#### Exercise material:
□ □ □ □ □

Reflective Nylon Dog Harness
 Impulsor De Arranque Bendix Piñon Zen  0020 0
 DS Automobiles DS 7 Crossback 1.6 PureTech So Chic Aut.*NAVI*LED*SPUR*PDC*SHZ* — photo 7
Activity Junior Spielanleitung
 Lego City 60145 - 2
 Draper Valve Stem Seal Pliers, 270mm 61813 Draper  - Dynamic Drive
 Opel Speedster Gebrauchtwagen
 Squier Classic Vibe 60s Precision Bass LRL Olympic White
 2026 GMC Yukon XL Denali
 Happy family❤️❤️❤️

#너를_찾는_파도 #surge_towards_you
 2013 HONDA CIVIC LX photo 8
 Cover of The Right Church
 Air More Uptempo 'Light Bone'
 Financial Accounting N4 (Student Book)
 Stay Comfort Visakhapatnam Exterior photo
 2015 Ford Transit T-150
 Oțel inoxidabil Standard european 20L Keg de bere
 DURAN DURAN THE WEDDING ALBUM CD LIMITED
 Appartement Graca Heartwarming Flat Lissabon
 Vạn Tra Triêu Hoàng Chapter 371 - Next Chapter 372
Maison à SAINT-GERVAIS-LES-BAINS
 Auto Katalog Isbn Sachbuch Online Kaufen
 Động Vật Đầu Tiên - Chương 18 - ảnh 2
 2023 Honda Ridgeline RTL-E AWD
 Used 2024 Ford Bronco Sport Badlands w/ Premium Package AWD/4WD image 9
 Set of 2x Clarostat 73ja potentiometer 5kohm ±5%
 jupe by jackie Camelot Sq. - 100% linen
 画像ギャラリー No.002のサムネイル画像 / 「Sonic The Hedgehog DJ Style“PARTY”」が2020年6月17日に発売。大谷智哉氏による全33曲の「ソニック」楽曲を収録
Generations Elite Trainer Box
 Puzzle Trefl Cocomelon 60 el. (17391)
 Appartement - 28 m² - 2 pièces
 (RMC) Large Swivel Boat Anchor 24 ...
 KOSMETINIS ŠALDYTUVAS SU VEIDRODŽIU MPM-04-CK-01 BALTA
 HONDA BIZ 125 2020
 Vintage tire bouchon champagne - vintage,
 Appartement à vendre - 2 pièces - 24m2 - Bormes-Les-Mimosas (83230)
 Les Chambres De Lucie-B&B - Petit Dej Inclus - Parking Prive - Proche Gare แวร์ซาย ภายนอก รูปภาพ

□ □ □ □ □

#### Your assignment:
Only the lines above starting at the line that holds "2015 Ford Transit T-150" and ending at the line that holds "Vintage tire bouchon" are to be repeated, exactly and in full.

#### The completed task:
 2015 Ford Transit T-150
 Oțel inoxidabil Standard european 20L Keg de bere
 DURAN DURAN THE WEDDING ALBUM CD LIMITED
 Appartement Graca Heartwarming Flat Lissabon
 Vạn Tra Triêu Hoàng Chapter 371 - Next Chapter 372
Maison à SAINT-GERVAIS-LES-BAINS
 Auto Katalog Isbn Sachbuch Online Kaufen
 Động Vật Đầu Tiên - Chương 18 - ảnh 2
 2023 Honda Ridgeline RTL-E AWD
 Used 2024 Ford Bronco Sport Badlands w/ Premium Package AWD/4WD image 9
 Set of 2x Clarostat 73ja potentiometer 5kohm ±5%
 jupe by jackie Camelot Sq. - 100% linen
 画像ギャラリー No.002のサムネイル画像 / 「Sonic The Hedgehog DJ Style“PARTY”」が2020年6月17日に発売。大谷智哉氏による全33曲の「ソニック」楽曲を収録
Generations Elite Trainer Box
 Puzzle Trefl Cocomelon 60 el. (17391)
 Appartement - 28 m² - 2 pièces
 (RMC) Large Swivel Boat Anchor 24 ...
 KOSMETINIS ŠALDYTUVAS SU VEIDRODŽIU MPM-04-CK-01 BALTA
 HONDA BIZ 125 2020
 Vintage tire bouchon champagne - vintage,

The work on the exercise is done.